> Assignment: For each entry, return the text exactly and omit any image.

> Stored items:
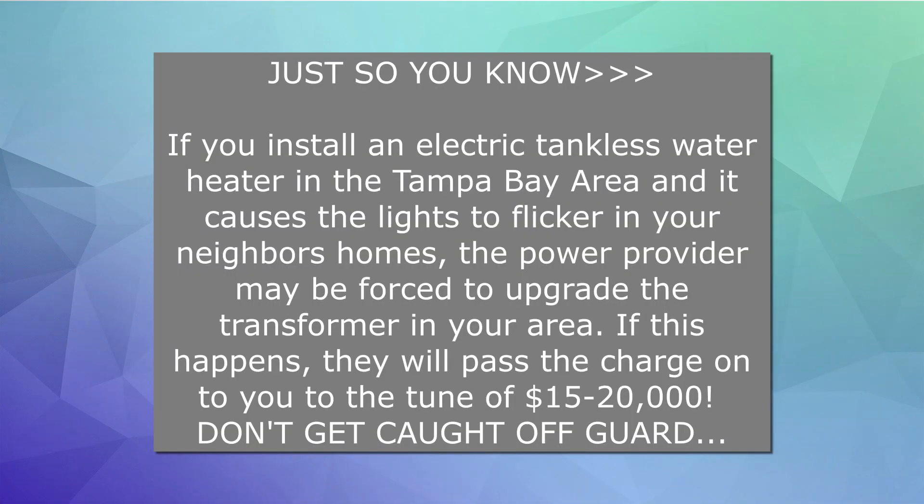Another downside to the electric instant hot water heater is that when you first turn it on or while it's running, you may notice that your lights may flicker a little bit. That's all because of the size of the wire coming to your home, the transformer that's out there, and how big your electrical service is. You want to make sure you have a licensed electrician thoroughly look over your system — not just some handyman doing this on the side — because that never ends well. You don't want an electrical fire at your house, so make sure you double-check everything.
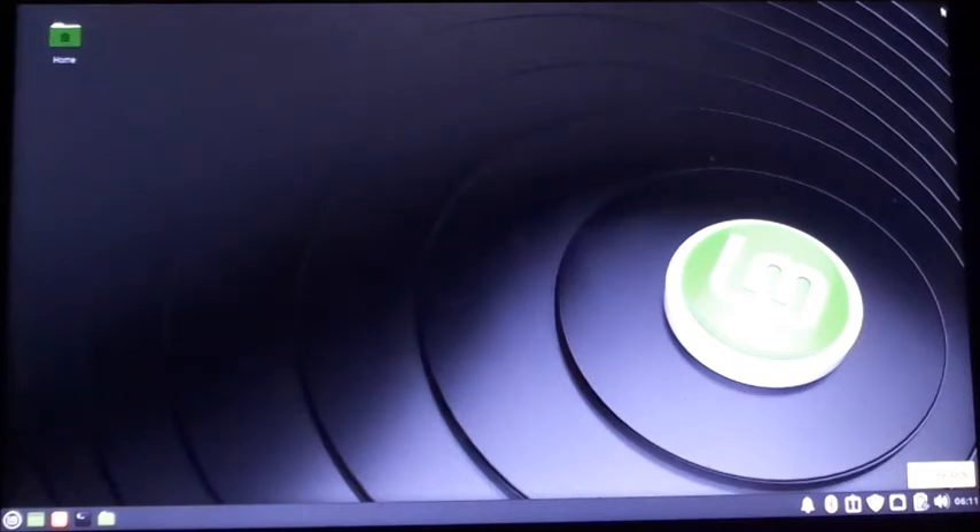This is one that I picked from the Linux Mint desktops. I might end up picking another one because I'm really into air guns and stuff like that. Maybe I'll put one of my favorite air guns in there as a wallpaper.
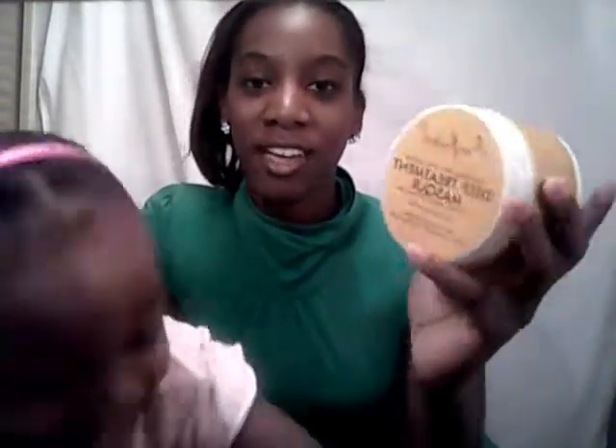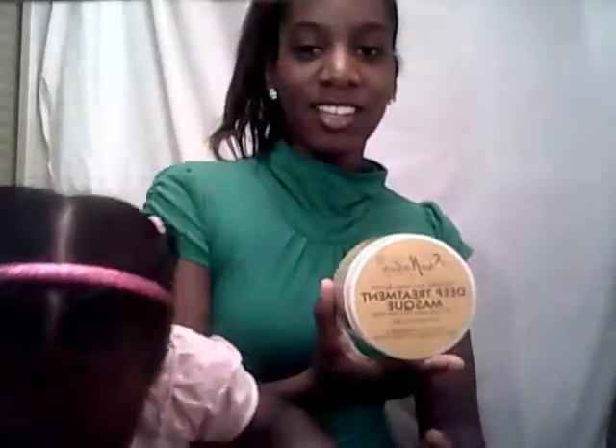The Shea Moisture Raw Shea Butter Deep Treatment Mask — I tried this on my hair and it left a coat, and it was very heavy. I've heard other relaxed women say it is just a little too heavy. But for Trini's hair it's great — it melts right in, really good.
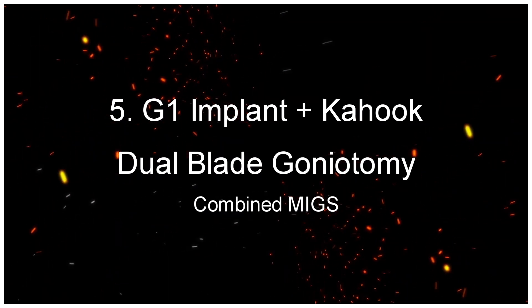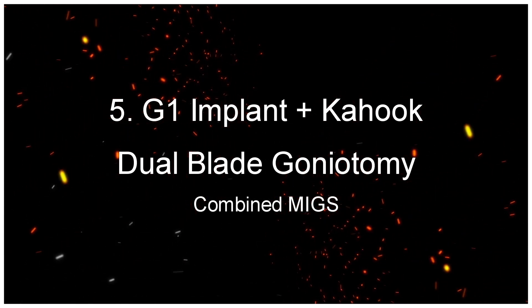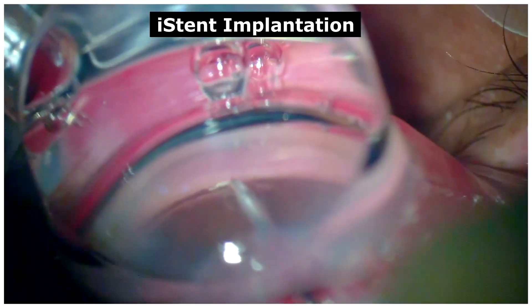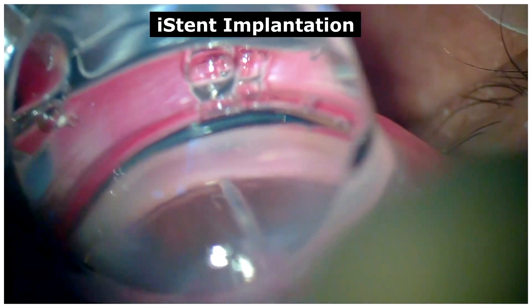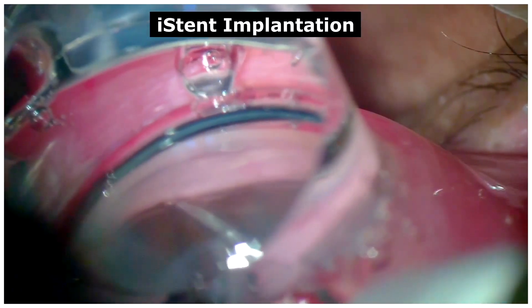G1 implant plus Kahook Dual Blade goniotomy, the combined MIGS. Here we have a case of a G1 iStent implantation which was successfully implanted into the trabecular meshwork.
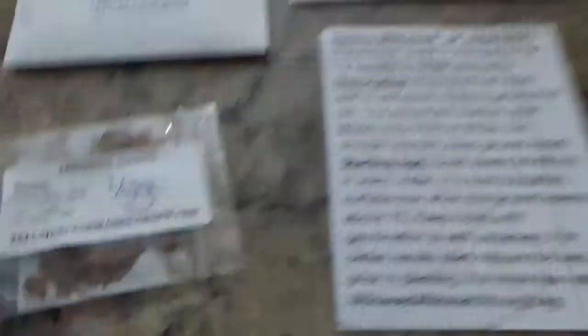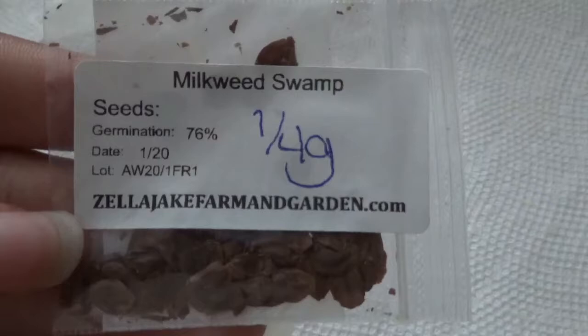Here are my supplies: I've got my seeds, my water, my napkins, my Sharpie, my container, and my Ziploc bags. I'm going to start with the pink Swamp Milkweed. Not many seeds come in this pack, so I'm going to break the napkin in half and put them on one side, then fold the other side over. That way it's easier to fit into the Ziploc bags, because these bags are smaller than I thought.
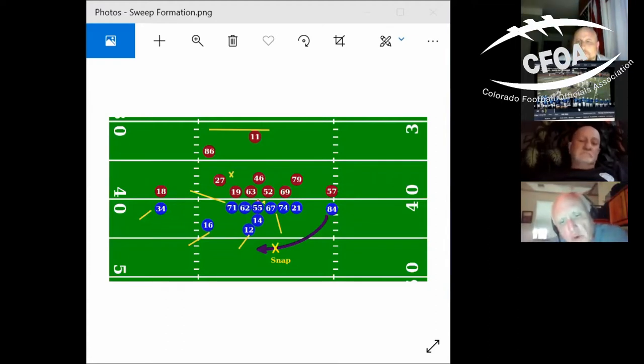Moving forward to pre-snap position: this X is where the umpire stands for a right-handed quarterback. The umpire has tackle 74, guard 67, center 55, and guard 62 as his four linemen to watch at the snap. At the snap is where you first see if 62 is doing downfield blocking — that tells you right away it won't be a pass. If 67 pulls, if 74 or 62 is downfield blocking, that tells the umpire there's no reason to get to the line of scrimmage.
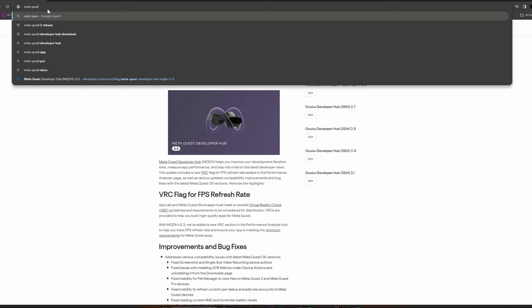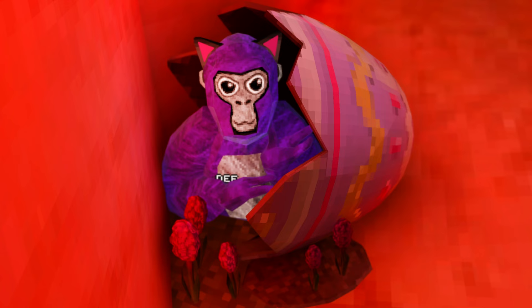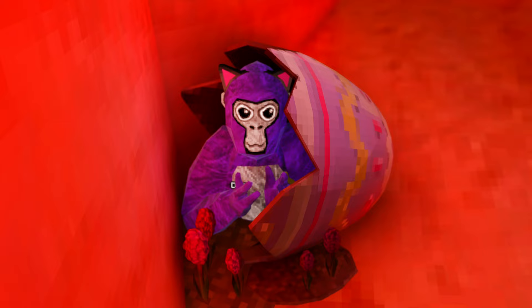First things first, hop over to the Oculus Dev Hub website and grab the download — it's quick and painless. Just follow the steps and you'll plug your headset into your computer. Allow the prompt that comes into your headset and then click on 'Create Command' and just paste this in. This is what we're going to be working with the whole time, so make sure you keep this.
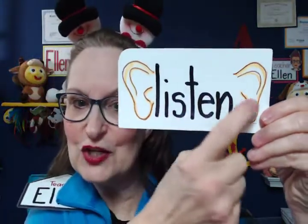Another one that we usually do with TPR is "listen." So when I want them to listen, I always use both hands — listen. But I also have a little card with ears on it. Listen.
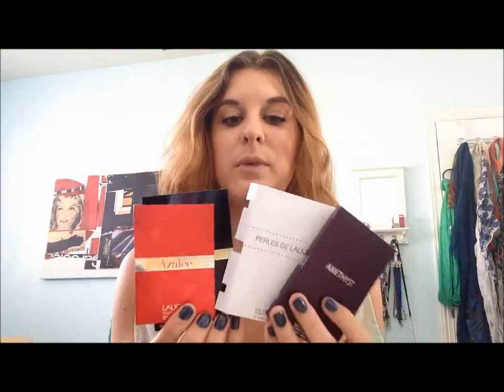I got sent four perfume samples from them and I was kind of playing around with them and smelling them all and just wanted to give you guys like a first impression review on what I thought of them. I got sent four samples: one red, one white, one purple, and one black. So all of these have different notes and different scent structures. We'll go through each of them one by one and then let you know at the end which one is my favorite.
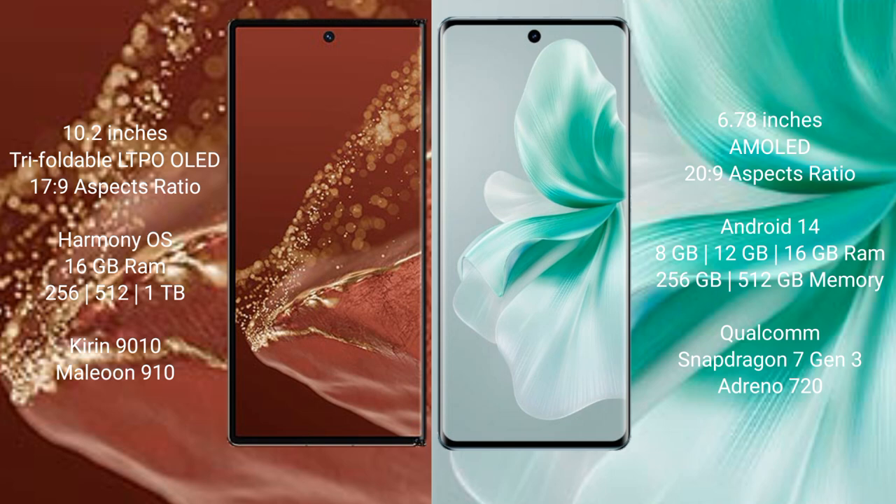The Vivo Mate XT Ultimate comes with 16 GB RAM and 256 GB, 512 GB, or 1 TB internal storage, powered by a Qualcomm Snapdragon 7 Gen 3 processor and GPU 910. The Vivo 18 comes with 8 GB, 12 GB, or 16 GB RAM and 256 GB or 512 GB internal storage, with a Qualcomm Snapdragon 7 Gen 3 processor and DinoSign 20 GPU.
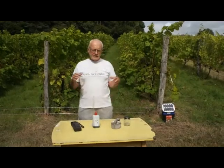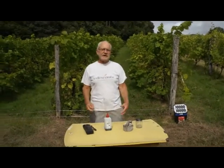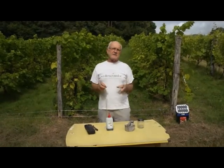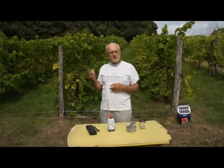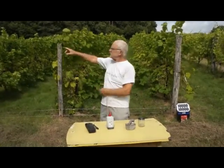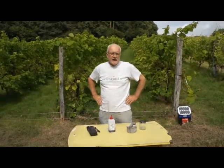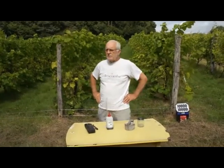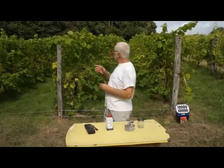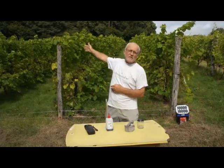In order to do this test of the sugar and acid, we're going to try to get a representative sample of the plot of vines that you can see behind me, which is 500 Solaris vines, and they're about 11 years old now. To get this sample, we're going to walk diagonally through this plot of vines.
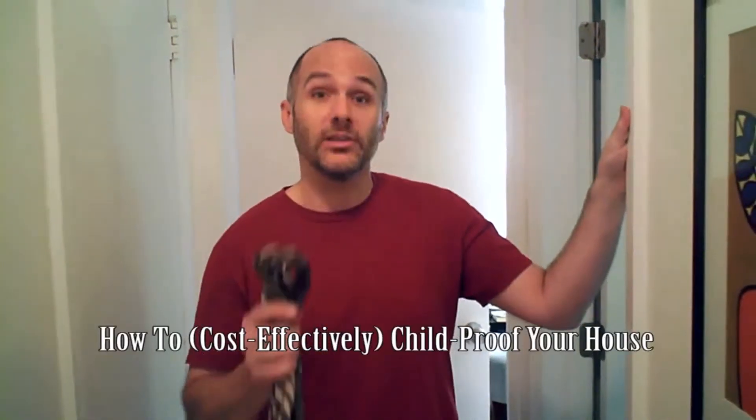Hi, I'm Joe from the Don't We Boys, and today I'm going to be showing you how to cost-effectively child-proof your house.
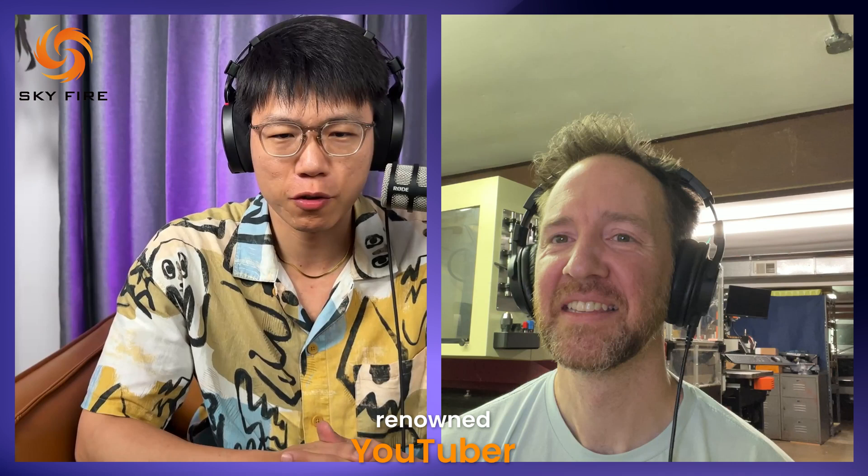Hi, everyone. Today, I'm honored to have my friend and a renowned YouTuber creator, Travis Michel, from the US, who is doing a fantastic job in laser DIY machines. Let's welcome Travis Michel.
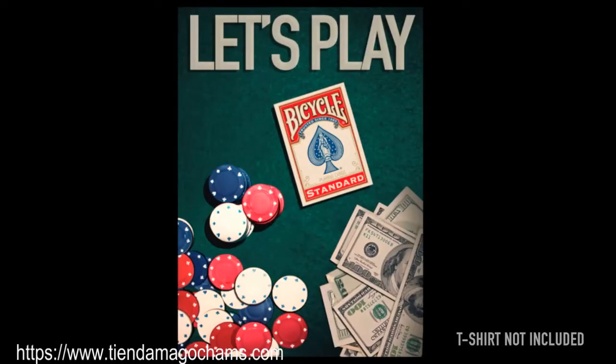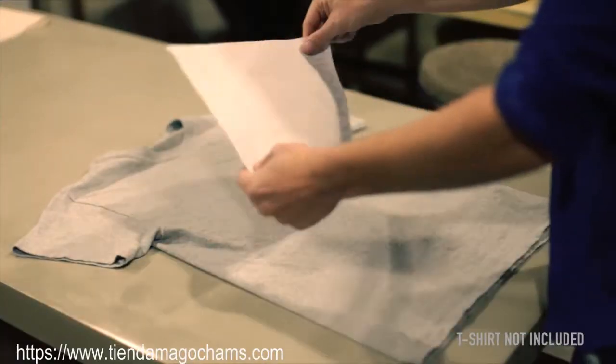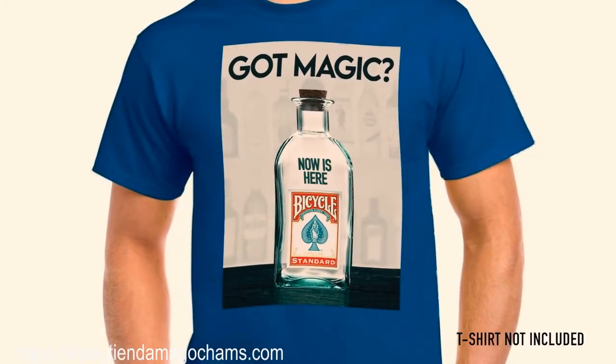You can choose between three different designs printed on a special transfer paper, easily applied to your own t-shirt just by using a common iron, making the combination that you like the most.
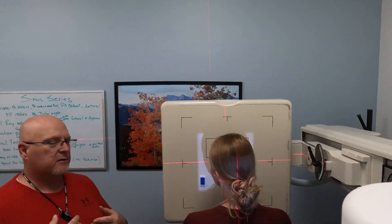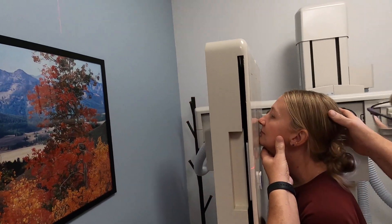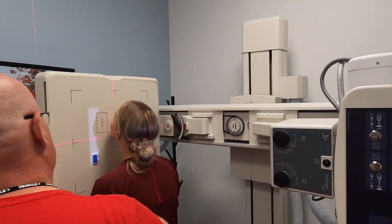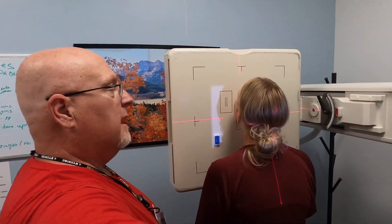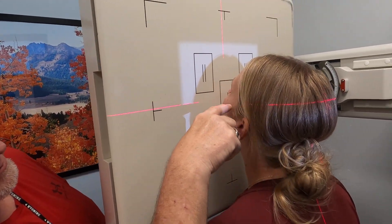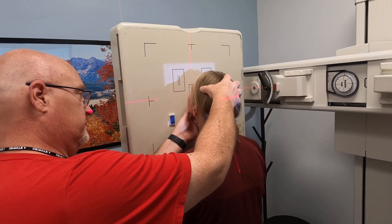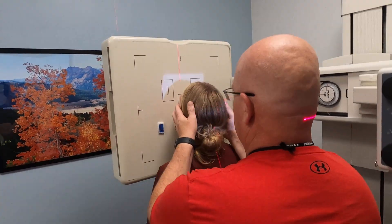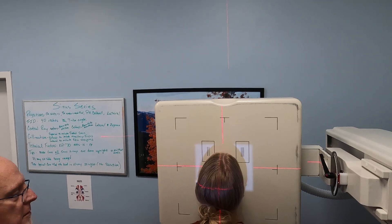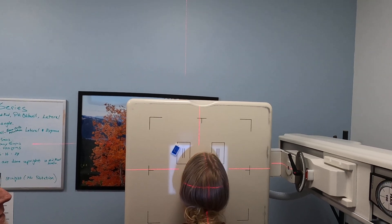Now for the Waters view — just remember you want to keep their head out of water. They're going to put their chin forward and let their nose touch ever so slightly, then come back off from the board just a little bit. The central ray for this one is going to exit right below the nose — the acanthion. The central ray line exits right at the top of Kate's lip. Her chin and her nose are almost touching the board. Make sure they're straight, and we collimate down because we don't need the top of the head. Central ray exits the acanthion — and there's your Waters view.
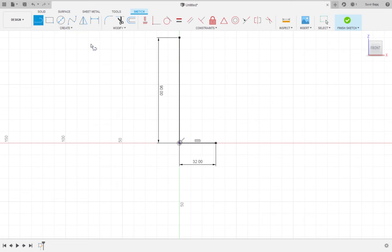And at the top, I'm going to draw a 45mm line. Now, I'm going to use a spline. A spline is basically a curved line, and I'm going to connect these two lines that I just drew — the 45mm line and the 32mm line — using a curved line.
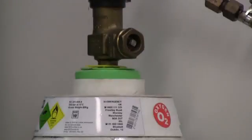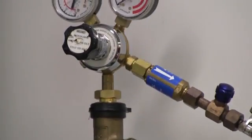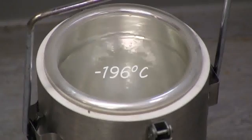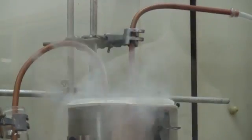First, we have to make the liquid oxygen. We have here a tank of pressurised oxygen gas. This condenses at minus 182 degrees Celsius. By passing it through this copper coil, immersed in liquid nitrogen at minus 196 degrees Celsius, the oxygen will condense into a liquid which we will collect in a tube.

> Response to this task:
Another downside to the electric instant hot water heater is that when you first turn it on or while it's running, you may notice that your lights may flicker a little bit. That's all because of the size of the wire coming to your home, the transformer that's out there, and how big your electrical service is. You want to make sure you have a licensed electrician thoroughly look over your system — not just some handyman doing this on the side — because that never ends well. You don't want an electrical fire at your house, so make sure you double-check everything.
This is one that I picked from the Linux Mint desktops. I might end up picking another one because I'm really into air guns and stuff like that. Maybe I'll put one of my favorite air guns in there as a wallpaper.
The Shea Moisture Raw Shea Butter Deep Treatment Mask — I tried this on my hair and it left a coat, and it was very heavy. I've heard other relaxed women say it is just a little too heavy. But for Trini's hair it's great — it melts right in, really good.
G1 implant plus Kahook Dual Blade goniotomy, the combined MIGS. Here we have a case of a G1 iStent implantation which was successfully implanted into the trabecular meshwork.
Here are my supplies: I've got my seeds, my water, my napkins, my Sharpie, my container, and my Ziploc bags. I'm going to start with the pink Swamp Milkweed. Not many seeds come in this pack, so I'm going to break the napkin in half and put them on one side, then fold the other side over. That way it's easier to fit into the Ziploc bags, because these bags are smaller than I thought.
Moving forward to pre-snap position: this X is where the umpire stands for a right-handed quarterback. The umpire has tackle 74, guard 67, center 55, and guard 62 as his four linemen to watch at the snap. At the snap is where you first see if 62 is doing downfield blocking — that tells you right away it won't be a pass. If 67 pulls, if 74 or 62 is downfield blocking, that tells the umpire there's no reason to get to the line of scrimmage.
First things first, hop over to the Oculus Dev Hub website and grab the download — it's quick and painless. Just follow the steps and you'll plug your headset into your computer. Allow the prompt that comes into your headset and then click on 'Create Command' and just paste this in. This is what we're going to be working with the whole time, so make sure you keep this.
Another one that we usually do with TPR is "listen." So when I want them to listen, I always use both hands — listen. But I also have a little card with ears on it. Listen.
I got sent four perfume samples from them and I was kind of playing around with them and smelling them all and just wanted to give you guys like a first impression review on what I thought of them. I got sent four samples: one red, one white, one purple, and one black. So all of these have different notes and different scent structures. We'll go through each of them one by one and then let you know at the end which one is my favorite.
The Vivo Mate XT Ultimate comes with 16 GB RAM and 256 GB, 512 GB, or 1 TB internal storage, powered by a Qualcomm Snapdragon 7 Gen 3 processor and GPU 910. The Vivo 18 comes with 8 GB, 12 GB, or 16 GB RAM and 256 GB or 512 GB internal storage, with a Qualcomm Snapdragon 7 Gen 3 processor and DinoSign 20 GPU.
In order to do this test of the sugar and acid, we're going to try to get a representative sample of the plot of vines that you can see behind me, which is 500 Solaris vines, and they're about 11 years old now. To get this sample, we're going to walk diagonally through this plot of vines.
Hi, I'm Joe from the Don't We Boys, and today I'm going to be showing you how to cost-effectively child-proof your house.
Hi, everyone. Today, I'm honored to have my friend and a renowned YouTuber creator, Travis Michel, from the US, who is doing a fantastic job in laser DIY machines. Let's welcome Travis Michel.
You can choose between three different designs printed on a special transfer paper, easily applied to your own t-shirt just by using a common iron, making the combination that you like the most.
Now for the Waters view — just remember you want to keep their head out of water. They're going to put their chin forward and let their nose touch ever so slightly, then come back off from the board just a little bit. The central ray for this one is going to exit right below the nose — the acanthion. The central ray line exits right at the top of Kate's lip. Her chin and her nose are almost touching the board. Make sure they're straight, and we collimate down because we don't need the top of the head. Central ray exits the acanthion — and there's your Waters view.
And at the top, I'm going to draw a 45mm line. Now, I'm going to use a spline. A spline is basically a curved line, and I'm going to connect these two lines that I just drew — the 45mm line and the 32mm line — using a curved line.
First, we have to make the liquid oxygen. We have here a tank of pressurised oxygen gas. This condenses at minus 182 degrees Celsius. By passing it through this copper coil, immersed in liquid nitrogen at minus 196 degrees Celsius, the oxygen will condense into a liquid which we will collect in a tube.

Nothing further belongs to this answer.